The Row Index, now called Row number in the new Row Filter, serve many important purposes and provide a greater value that the RowID. For one thing, when add the row index as an actul column, do some transformations, unpicot, tranpose, sorting you name it, you can always return to your original row order sequence. With the RowID that is not that straight forward since it is a string.

About filtering, imagine you transform and filter a table per your liking, resulting in results you want to extract from your original table. You’d be requried to do a multi-match filtering. Using the row id, it is just one step.

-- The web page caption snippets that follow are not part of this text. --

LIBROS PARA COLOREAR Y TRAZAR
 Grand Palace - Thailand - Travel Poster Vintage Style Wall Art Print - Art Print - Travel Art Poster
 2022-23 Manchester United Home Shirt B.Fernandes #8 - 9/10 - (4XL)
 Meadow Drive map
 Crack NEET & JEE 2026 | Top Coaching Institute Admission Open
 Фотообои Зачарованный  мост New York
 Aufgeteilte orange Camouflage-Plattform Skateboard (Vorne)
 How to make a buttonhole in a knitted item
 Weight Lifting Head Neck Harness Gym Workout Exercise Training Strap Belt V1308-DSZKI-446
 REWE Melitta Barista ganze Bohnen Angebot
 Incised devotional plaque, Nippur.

Though, the question also raises, when RowID as a “virutal” option as you describe exsists, why not the row index? In generall I’d also stringly suggest to keep namings aligned. “RowID” was kept but Row Index became Row number and it all of a sudden starts at 1, not 0. These disjoints introduce unnecessary friction in many ways.

Best
Mike

hotzm · October 10, 2024, 12:14pm

I understand the difference between row number (consecutive numbering of rows) and RowID (uniquely identifying a specific row). Maybe a bit of context/justification: for new nodes (or modernized ones) we use “row number” when the numbering starts at 1 and “row index” when it starts at 0. Old nodes may be inconsistent, but this is exactly what we’re trying to improve: to make it clear what the first value will be: 0 (index) or 1 (number).
Historically, index is used when an offset is specified: the first element is not offset (so index = 0), the next element is offset by one (index = 1), … and many languages use this “offset notation”. Though, we made the experience that 1 seems much more natural for many people, especially non-programmers. That’s why we focussed on using row number in the new Row Filter. But we also hear your feedback (and I think we got that feedback somewhere else already), that sometimes row index is more convenient, e.g. when you want to set it via a flow variable and want to avoid using an expression that does just -1 beforehand.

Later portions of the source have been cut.